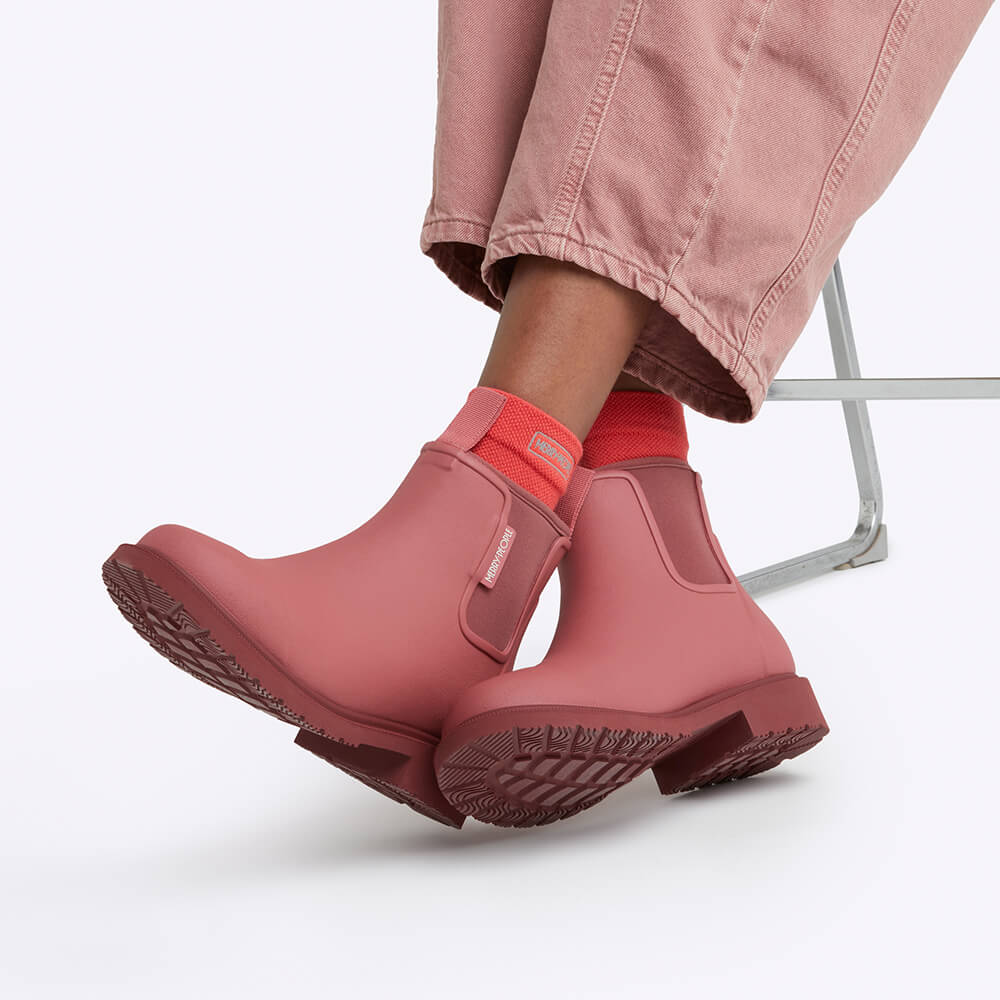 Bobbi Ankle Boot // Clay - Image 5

* * *

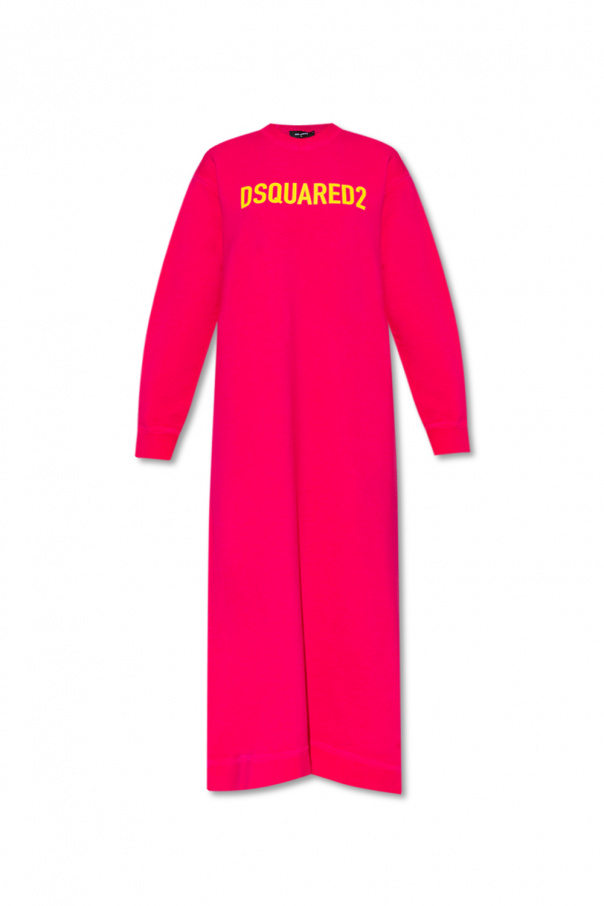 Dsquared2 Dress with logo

...

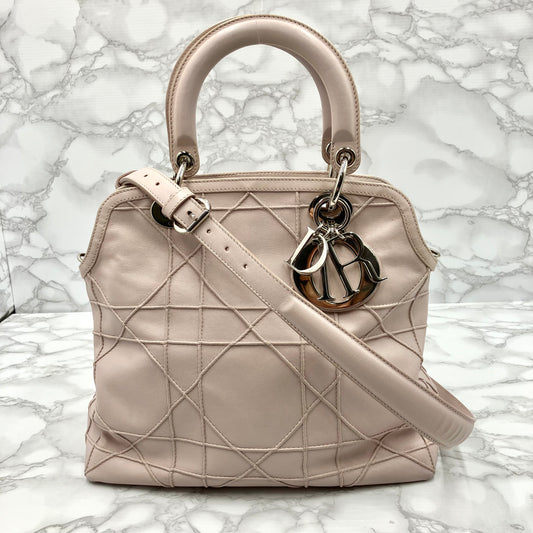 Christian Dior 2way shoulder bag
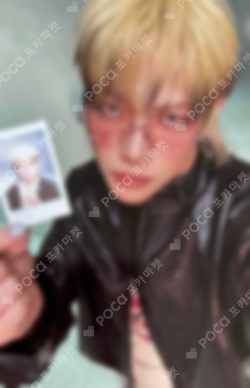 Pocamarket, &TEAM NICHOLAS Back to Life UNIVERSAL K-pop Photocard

◆ **PROBLEM REQUIREMENTS**: Begin at the line in the entries above that has "Christian Dior 2way shoulder bag", stop after the line that has "Pocamarket, &TEAM NICHOLAS", and output exactly those lines without pictures.

◆ **EXERCISE ANSWER**:
 Christian Dior 2way shoulder bag
 Pocamarket, &TEAM NICHOLAS Back to Life UNIVERSAL K-pop Photocard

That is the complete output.